Bild: Das ist sie, die Vergangenheit
Der Rat des Experten war klar: „Kauf dir einen Diesel!“, sagte mir vor elf
Jahren der Mann, der heute auf allen Kanälen gegen die Dieselmotoren
wettert. Wir werden eben alle immer klüger. Damals waren die Kinder jung,
wir gingen für ein paar Jahre ins Ausland und brauchten etwas Fahrbares. Es
wurde also ein Opel Zafira, auch wenn mir heute bei dieser Beichte die Hand
zittert.
Der Wagen ist zum Familienmitglied geworden, obwohl ich nicht dazu neige,
einen verbeulten Haufen aus Blech, Gummi und klebrigen Sitzen mit großem
emotionalem Mehrwert schönzureden. Gern erinnern wir uns an die
Sternstunden im Opelblitz: Wie unser ältester Sohn auf der
Autobahnraststätte den Zündschlüssel im Wagen einschloss; wie unsere
Tochter die Karre bei der illegalen Fahrschule im Wendland in den Graben
setzte; wie unser Jüngster das Auto schon vor dem Besuch im Haribo-Museum
vollkotzte.
Doch damit ist es nun natürlich vorbei. Wenn wir unseren Zafira zufällig
auf der Straße sehen, tun wir so, als ob wir ihn nicht kennen. Meine Frau
schleicht nur noch geduckt im Schutze der Dunkelheit zum Fahrzeug, wenn sie
zum Frühdienst fährt.
Dabei, ganz ehrlich: Was ist passiert? Opel hat offenbar ähnlich
geschummelt wie VW. Der Zafira pulverisiert alle Grenzwerte für Stickoxid.
Aber daran haben wir uns doch in den Zeiten von „Dieselgate“ gewöhnt, und
die zuständigen Behörden wissen es noch viel länger. Ein Skandal, klar.
Aber das eigentliche Problem sind doch nicht die Grenzüberschreitungen der
Autokonzerne. Es sind die Grenzwerte.
Grenzen sind doch nichts mehr wert, das hat meine Generation seit 1989 zum
Dogma erhoben. Wer konnte denn ahnen, dass 2015 ganz Deutschland – mit
Ausnahme von Angela Merkel und der taz – plötzlich wieder großen Wert auf
seine Grenzen legt! Die Autoindustrie jedenfalls nicht. Und deshalb gelten
diese „Werte“ für sie ja auch nicht so richtig.
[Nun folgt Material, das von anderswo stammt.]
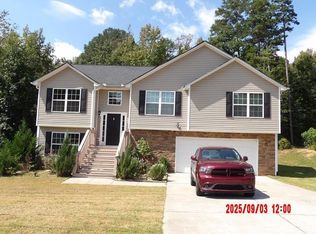 3520 Silver Mist Cir, Gainesville, GA 30507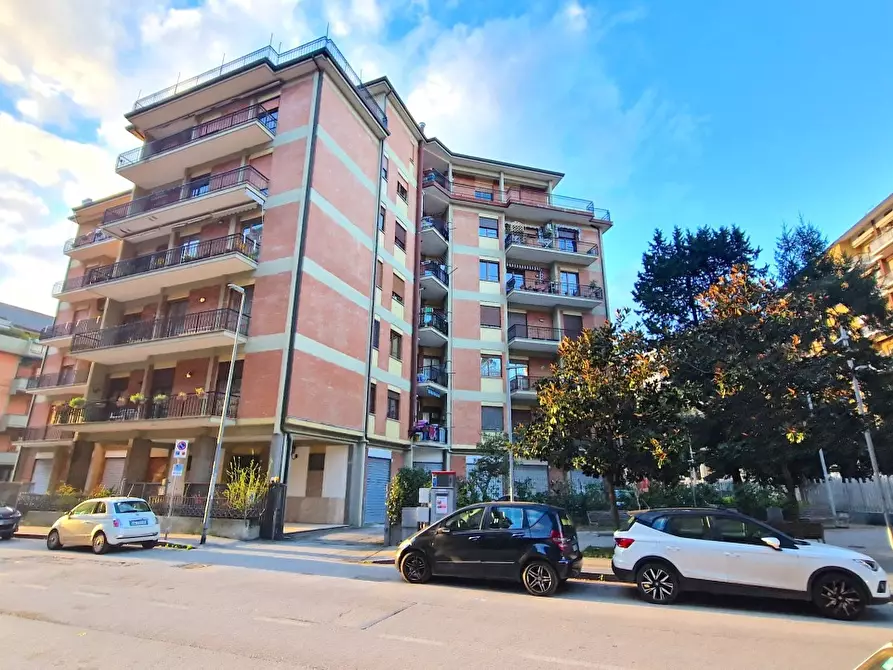 Immagine 1 di Appartamento in vendita  in Via Salvatore Pescatori a Avellino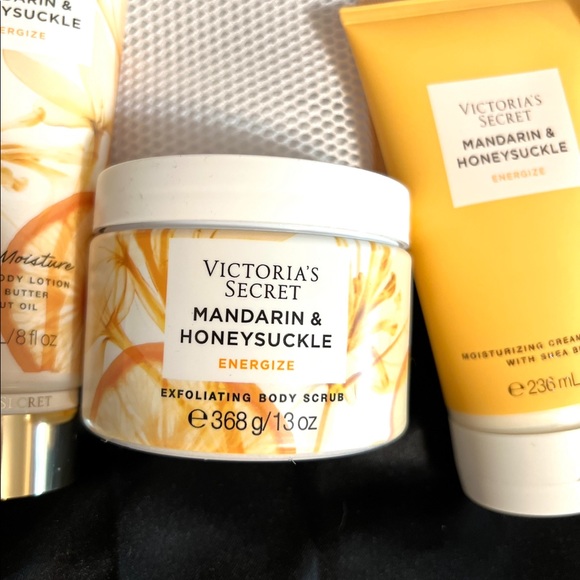 COPY - Victoria’s Secret beach bag of 4 products.Mandarin and Honeysuckle.Great… - Picture 6 of 7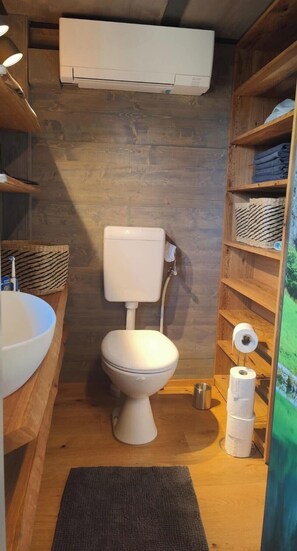 Apartemen | Kamar mandi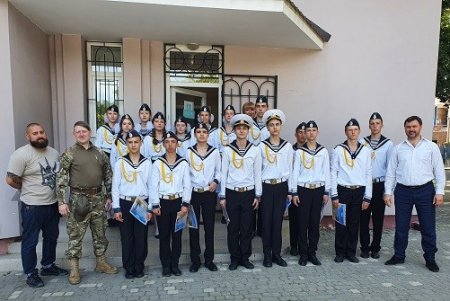Школьники Малиновского района приняли Вахту памяти на Аллее Славы (фото)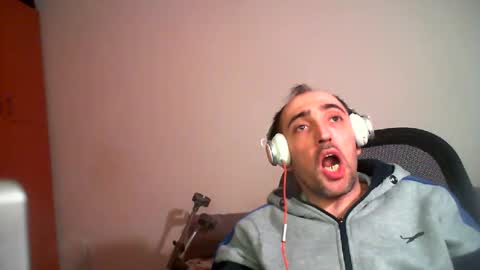 bentish online show from January 26, 2025, 4:09 pm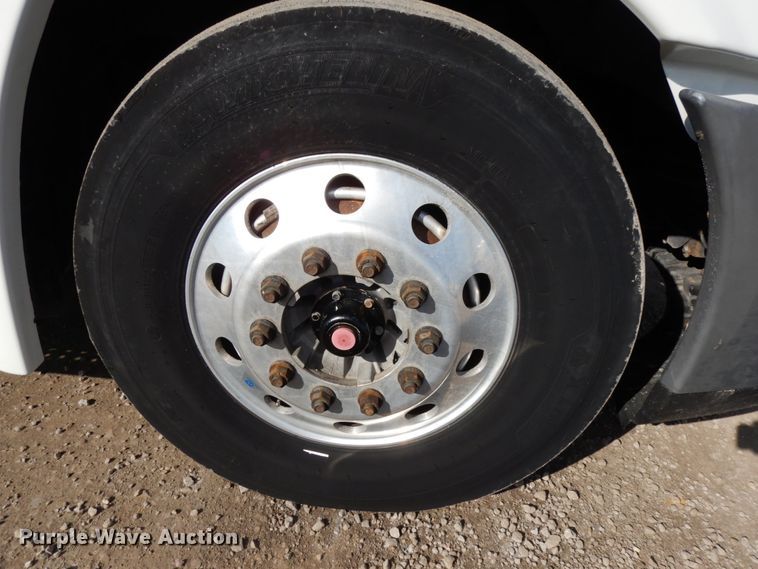 image for item DJ5802 2012 Freightliner Cascadia 125  semi truck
Die nämlich werden völlig
an den Bedürfnissen der Industrie vorbei festgelegt. Das muss man sich mal
vorstellen: Grenzwerte werden bestimmt, weil sie unsere Gesundheit und
Umwelt schützen sollen. Total irre!
## Die unsichtbare Hand der Marktwirtschaft
Aber zum Glück greift die unsichtbare Hand der Marktwirtschaft ein: Die
Motoren dürfen deshalb ganz legal die Grenzwerte für Stickoxide um das
Doppelte überschreiten, hat die EU-Kommission auf sanften Druck der
Autobauer eingeräumt. Und weil das eben nicht konform ist mit dem sonst so
hochgelobten Vorsorgeprinzip, heißt die Berechnung mit EU-eigener Ironie
„Konformitätsfaktor“. Auch beim CO2 wird nichts so heiß gegessen, wie es
aus dem Turbolader kommt. Gesundheitsgefahren? Ja ist denn das Leben nicht
lebensgefährlich?
Dieser Wirbel um Höchstdosen, die aus wissenschaftlicher Sicht für Mensch,
Tier und Umwelt gerade noch vertretbar sind, ist doch eh von gestern. Macht
euch mal locker! Die schöne neue Konformitätswelt könnte auch anderswo zum
Vorbild werden: Wir können doch auch an der Obergrenze für Glyphosat so
lange von Experten herumrechnen lassen, bis der Stoff ungiftig wird. Unser
Grenzwert für radioaktive Strahlung? Ah, das ist so neunziger Style, heute
macht uns ein bisschen Radon doch aktiv! Emissionslimits für Quecksilber
und Dioxin aus Kraftwerken? Könnten wir doch auch in der Pfeife rauchen.
Beim Tempolimit machen wir es schon seit Jahren vor: Erst ein
Tempo-30-Schild aufstellen, dann die Radarfallen abbauen.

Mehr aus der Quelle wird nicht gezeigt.